2. Compensation and Employee Benefits. You will be paid a starting salary at the rate of $410,000.00 per year, payable on the Company’s regular payroll dates. You will be eligible to earn a target discretionary bonus in 2022 of 75% based on company and individual performance. You are eligible for the current year bonus if you join the Company by September 30th of the year. If you join after, you're eligible for the yearly bonus the following year. You will also receive a signing bonus of $100,000.00 payable in your first two paychecks. If during the first 12 months your employment is terminated voluntarily, you must refund a portion of the bonus by offset of last check and direct payment of remaining balance. The amount of the signing bonus refund shall be in an amount prorated to the portion of the first 12 months that you do not work at the Company.
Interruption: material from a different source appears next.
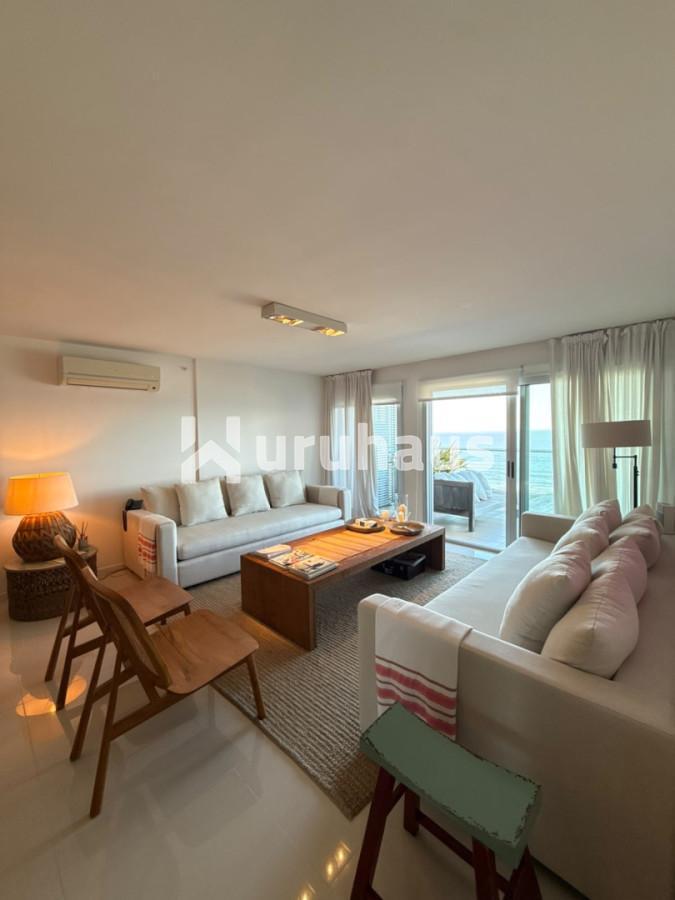 Foto de DEPARTAMENTO VENTA TRES DORMITORIOS ICON BRAVA PUNTA DEL ESTE, imagen 1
You will also be an “Eligible Employee” at the Tier 2 level under Upstart Holding, Inc.’s Executive Change in Control and Severance Policy (the “Severance Policy”), and your Participation Agreement under such Policy is attached hereto as Exhibit A. In addition, notwithstanding anything in this offer letter, the other terms of your employment or any Company policies, if you are subject to a Non-CIC Qualified Termination at any time, you will be eligible to receive the applicable Salary Severance and COBRA Benefit set forth below upon a Non-CIC Qualified Termination. A Non-CIC Qualified Termination is a termination of your employment either (x) by the Company without Cause (as defined in the Severance Policy, excluding by reason of your death or Disability) or (y) by you for Good Reason (as defined in the Severance Policy), in either case, outside of the Change in Control Period (as defined in the Severance Policy).
Salary Severance: 12 months, provided that if such Non-CIC Qualified Termination occurs in the first 12 months of your employment such Salary Severance will be 6 months.
COBRA Benefit: 12 months, provided that if such Non-CIC Qualified Termination occurs in the first 12 months of your employment such COBRA Benefit will be 6 months.



3. Equity
Restricted Stock Units. You will be recommended for a grant of restricted stock units (“RSUs”) for shares of common stock of Upstart Holdings, Inc., the parent company of the Company (“Upstart Holdings”), with an economic value of $4,000,000.00 (the “RSU Economic Value”) to be calculated as follows: if approved by Upstart Holdings’ Compensation Committee of its Board of Directors (the “Compensation Committee”), you will receive a number of RSUs, rounded up to the nearest unit, equal to the RSU Economic Value divided by the average closing price of Upstart Holdings’ common stock on the NASDAQ Global Select Market during a sixty (60) trading day period prior to the date of grant. Subject to your continued employment, your RSUs will be earned on a four-year quarterly vesting schedule such that 1/16th of the RSU shares will be earned each quarter after your vesting commencement date. Your RSUs will be subject to the terms and conditions applicable to RSUs granted under the applicable stock plan, as described in that plan and the applicable RSU agreement, which you will be required to sign.
Stock Options. Subject to the approval of the Compensation Committee, you will also be granted a stock option to purchase shares of Upstart Holdings’ common stock with an economic value of $4,000,000.00 (the “Stock Option Economic Value”). The Stock Option Economic Value will be converted into a number of option shares using a RSUs to options ratio of 45% (roughly 2.2 options for each RSU granted). The exercise price of the stock option will be equal to the fair market value of Upstart Holding’s common stock on the date the stock option is granted. Your stock option will be subject to the terms and conditions applicable to stock options granted under the applicable stock plan, as described in that plan and the applicable stock option agreement, which you will be required to sign. Subject to your continued employment, your stock option will be earned on a four-year monthly vesting schedule such that 1/48th of the total option shares will be earned each month after your vesting commencement date.
4. Confidential Information and Invention Assignment Agreement. Like all Company employees, you will be required, as a condition of your employment with the Company, to sign the Company’s enclosed standard Confidential Information and Invention Assignment Agreement.
5. Employment Relationship. Employment with the Company is for no specific period of time. Your employment with the Company will be “at will,” meaning that either you or the Company may terminate your employment at any time and for any reason, with or without cause. Any contrary representations, which may have been made to you are superseded by this offer. This is the full and complete agreement between you and the Company on this term. Although your job duties, title, compensation, as well as the Company’s personnel policies and procedures, may change from time to time, the “at will” nature of your employment may only be changed in an express written agreement signed by you and the Company’s Chief Executive Officer.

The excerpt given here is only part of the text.